> ACTIVITY: Send back the data below exactly. Drop every picture.

> EXTRACTED DATA:
- Opening Delimiter -
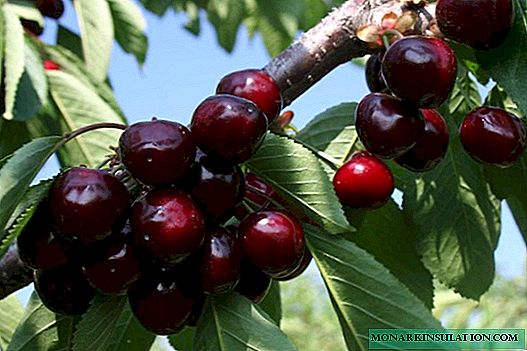 Yaroslavna - ang labing inila nga lainlaing klase sa mga cherry
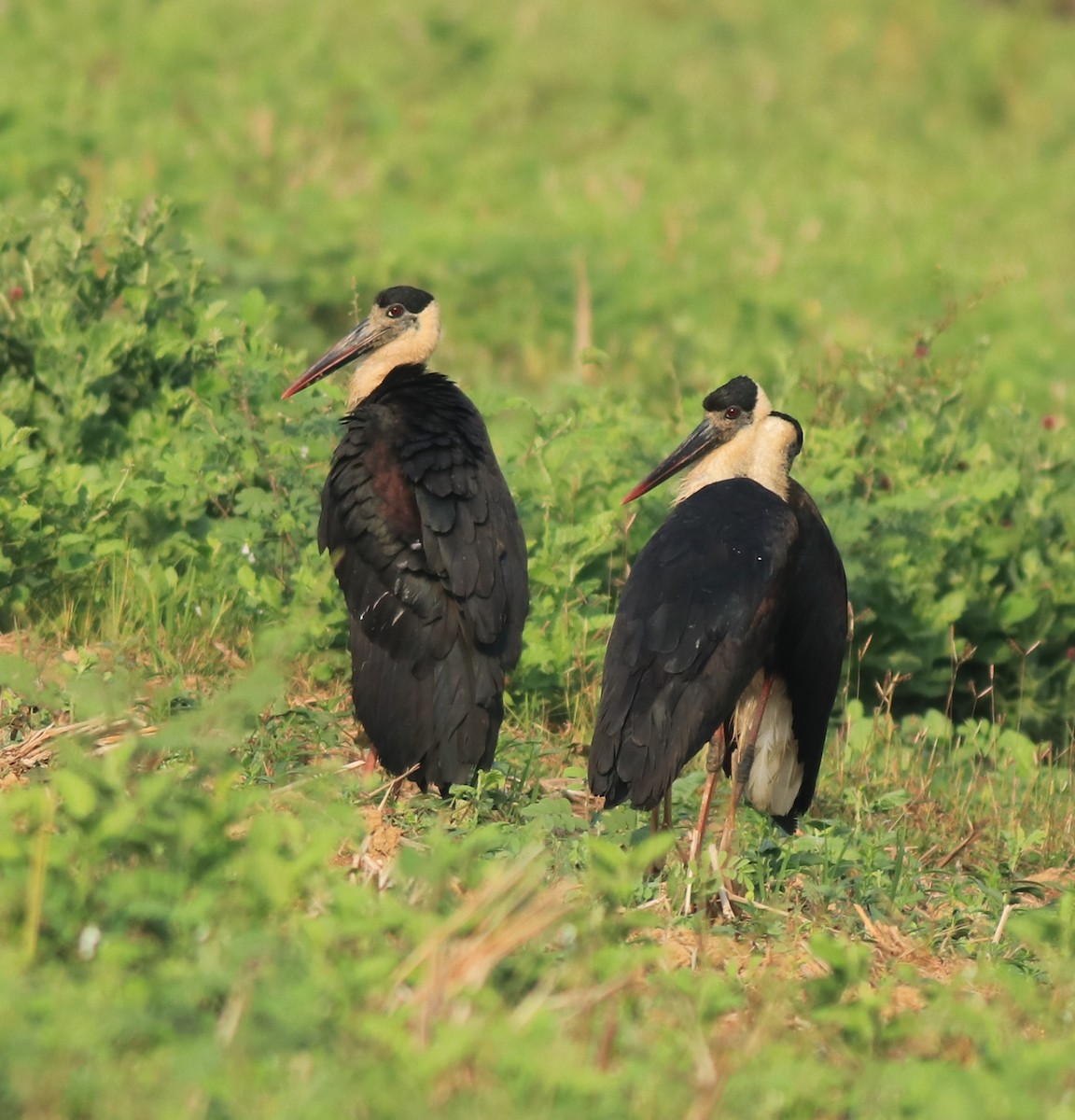 Asian Woolly-necked Stork - ML637961678
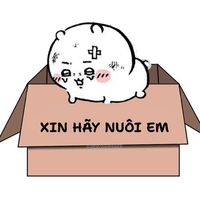 toy.yeu.bl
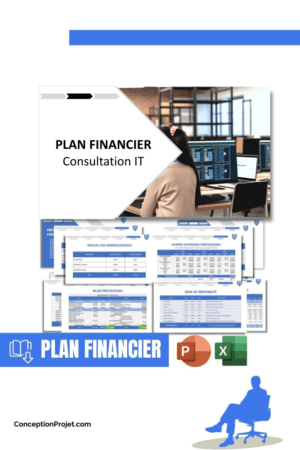 PLAN FINANCIER - Consultation IT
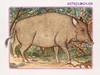 Ζώδια Κινέζικης Αστρολογίας: Ο Χοίρος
- Closing Delimiter -
> ANSWER:
 Yaroslavna - ang labing inila nga lainlaing klase sa mga cherry
 Asian Woolly-necked Stork - ML637961678
 toy.yeu.bl
 PLAN FINANCIER - Consultation IT
 Ζώδια Κινέζικης Αστρολογίας: Ο Χοίρος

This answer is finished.